I was doing my usual perusal of the anime news sites this morning when it occurred to me that anime this last year has changed drastically. The big issue of course, is that Geneon Entertainment’s operations were shut down by their Japanese parent company back in October. Many fans who were buying Karin, Hellsing Ultimate, Black Lagoon and The Story of Saiunkoku were hung out to dry with the news. I was buying two of those shows and had completed each to volume three. It’s enough of an investment in an anime series that to be unable to complete it at this stage is by God annoying.

Not only this, but I have noticed that the good stuff that we used to be able to expect to come from Bandai Entertainment, ya know, stuff like Wolf’s Rain, or Yukikaze… that stuff completely dried up this year. Thankfully, ADV and Funimation are doing a fine job of filling in the gap with anime that I want to buy, but more and more titles lately are so… ensconced in what’s popular in the Japanese market. It was more entertaining for me to see what would happen when studios would design shows specifically around the idea of marketing them in North America. That’s how we ended up with sublimely cool things like Samurai Champloo.

Geneon’s disappearance from the anime industry isn’t the only bad news we’ve had of the year. Bandai Visual USA released a ridiculous catalog this year, filled with shows that no one would pay the new MSRP for. There are shows that are worth 50$ for two episodes, I’d gladly pay that for Hellsing Ultimate, or anything that has ever had a pen touched to it by Shirow Masamune. Bandai Visual USA though, decided it would be a great idea to start to release titles like Demon Prince Enma and ask 40$ for two episodes. This is only a small portion of its mistakes for the year. When Geneon stopped its distribution, Bandai Visual USA also lost its point of distro, and so began releasing things from its website only, and eventually they found other means of distro, but the retailers that carry their titles are still limited, and didn’t include Amazon.com for quite some time.

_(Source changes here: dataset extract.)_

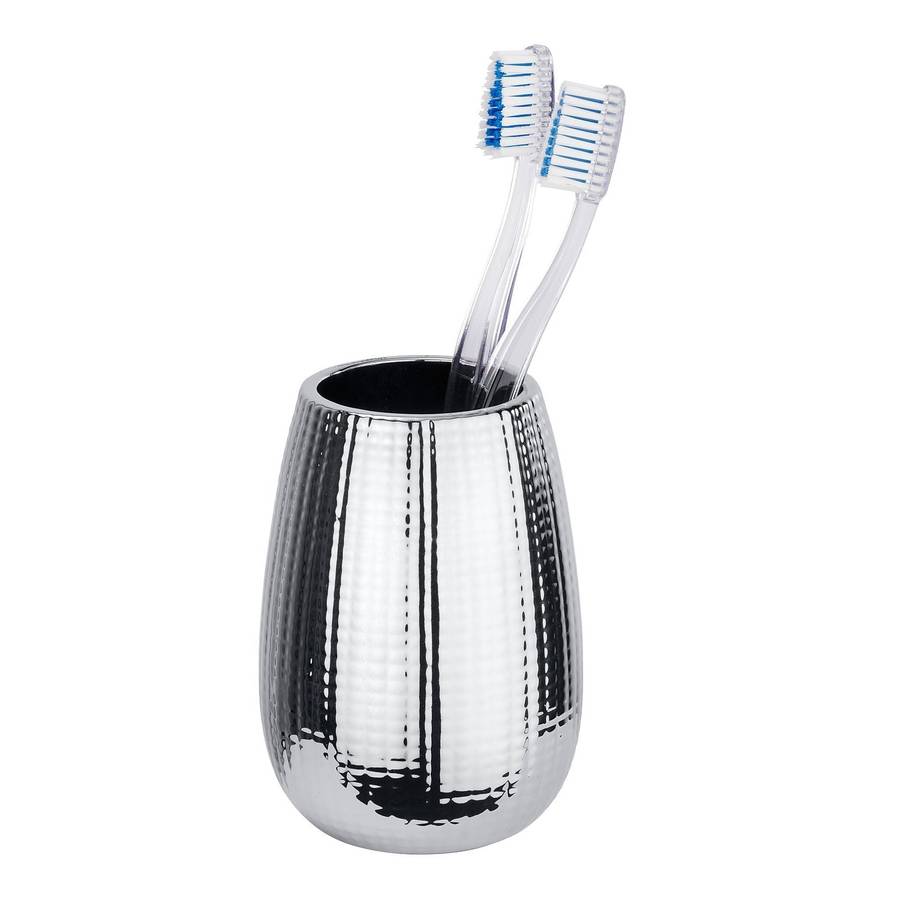 Wenko Toothbrush Tumbler Dakar Range Ceramic Silver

Funimation and ADV films have had a decent year from my perspective on things. Funimation has released most of the titles I’ve purchased this year, including Mushishi, Beck and Tsubasa, just to name a few. I’ve also been on a hiatus from purchasing titles from ADV Films for a while, while their releases have always been decent, they had a bad year in 2005 with several sound glitches on their DVDs and that made it hard to convince me to purchase ADV titles, also ADV just wasn’t releasing things I was interested in until this year came around and they announced that they had licensed Red Garden and had acquired the license for the second season of Ah My Goddess.

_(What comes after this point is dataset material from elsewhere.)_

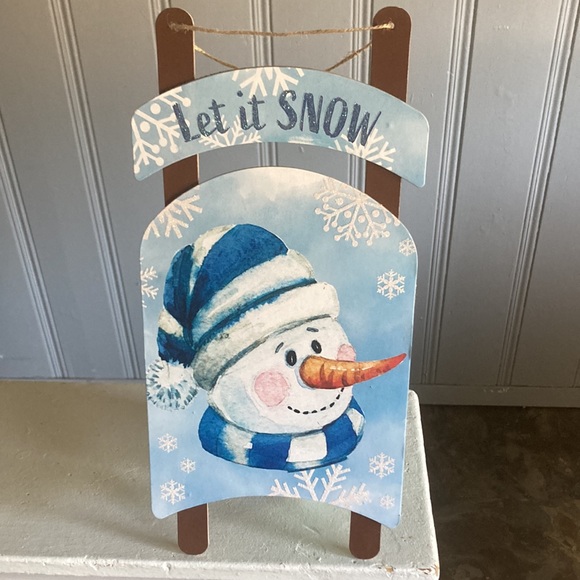 NWT Let It Snow- Snowman ⛄️ Holiday Sleigh Decoration Sign - Picture 16 of 17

Every release from both Funimation and ADV this year made me happy, both as an anime fan, and as a collector.

Anyone else that released anything in terms of anime this year… well I’m sorry, but I didn’t buy your titles. I suppose that says something in itself, doesn’t it? I did take a look at a couple of media blaster’s releases from 2006, Otogi Zoshi and Genshiken. I will definitely be purchasing Genshiken and Genshiken 2 when it’s released. Otogi Zoshi… I’m still undecided on, but it has been worth renting from Netflix so far. The point is though, no one else released much of interest this year. I would love to see this change for 2008 because, now that Geneon is gone, the other studios have big shoes to fill. I hope that 2008 is the year that the anime industry will re-examine the North American market, because it is so very different from the Japanese market. What sells in Japan will not sell to the anime fandom here, and none of us are so sick that we’ll pay Akihabara prices for a DVD. It just won’t happen. I hope the anime importers at least learn this much and keep the hobby from dying a slow, horrible death.